Чтобы городской глашатай выходил на площадь в субботу – такое случалось еще реже, чем гроза в метель. Обычно официальную информацию оглашали в базарные дни – в пятницу или в понедельник. Но в ту субботу после обеда у ратушей по всей Восточной Словакии забили барабаны, и, невзирая на вьюгу, некоторые неевреи из горожан остановились послушать. Сильный ветер и огромные сугробы заглушали бой барабана. В еврейских районах Гуменне на пологих берегах речушки, протекающей через южную окраину городка, этот бой не услышал никто. И всё из-за погоды, которая, конечно, той зимой вообще не баловала, но в тот день превзошла саму себя.
В жидкой группе, собравшейся вокруг глашатая, стоял и Ладислав Гросман (на то время ему был 21 год), который – по причинам, известным лишь ему одному, – оказался на площади, а не в синагоге или не дома с семьей. Ладислав был из тех людей, что скорее улыбнутся, чем нахмурятся, скорее рассмеются, чем заплачут. Темноглазый, с открытым лицом, поэт в душе, он, быть может, после семейной трапезы решил полюбоваться девственным белым покровом площади, морщась от морозных уколов снега на щеках. А может, просто вышел покурить. Так или иначе, Ладислав, заслышав барабан глашатая, поспешил присоединиться к тем немногим, кто брел, пробираясь сквозь снег, послушать последние новости.
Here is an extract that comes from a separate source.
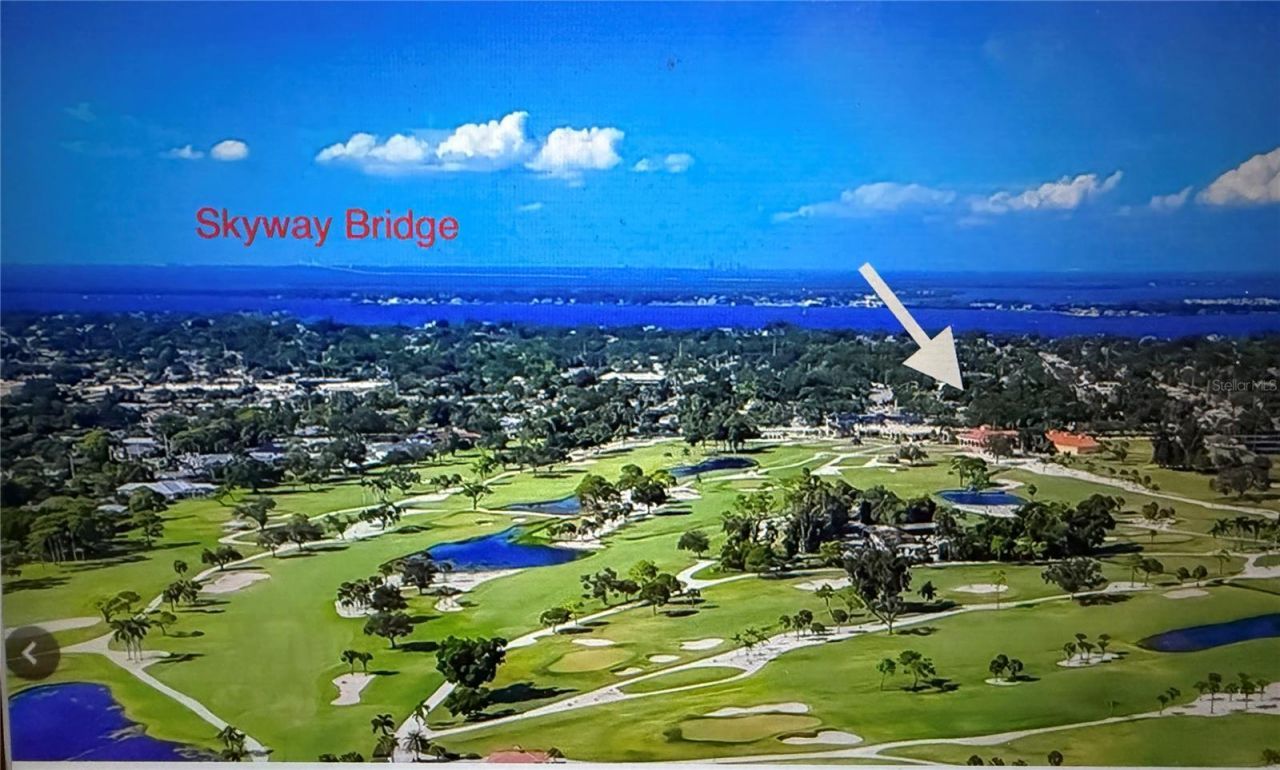 4620 7th Avenue W, Bradenton, FL 34209 Photo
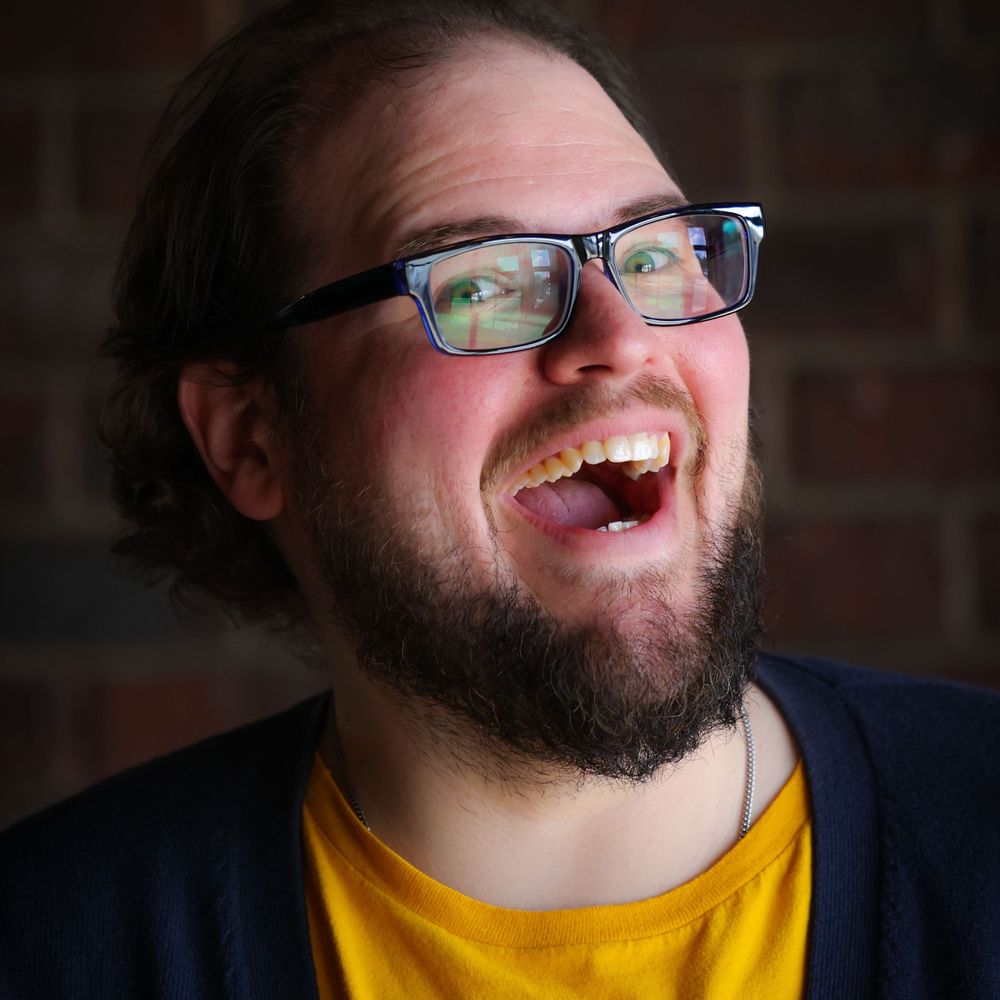 Jay Burns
Обычно глашатай, прежде чем сделать объявление, ждал, пока соберется толпа. Но на этот раз не ждал ничего. Он начал сразу, чтобы убраться поскорее из-под этого снега, который таял на воротнике и студил шею. Снег валил на головы и евреев, и неевреев крупными мокрыми хлопьями – верный знак, что снежная буря вот-вот закончится.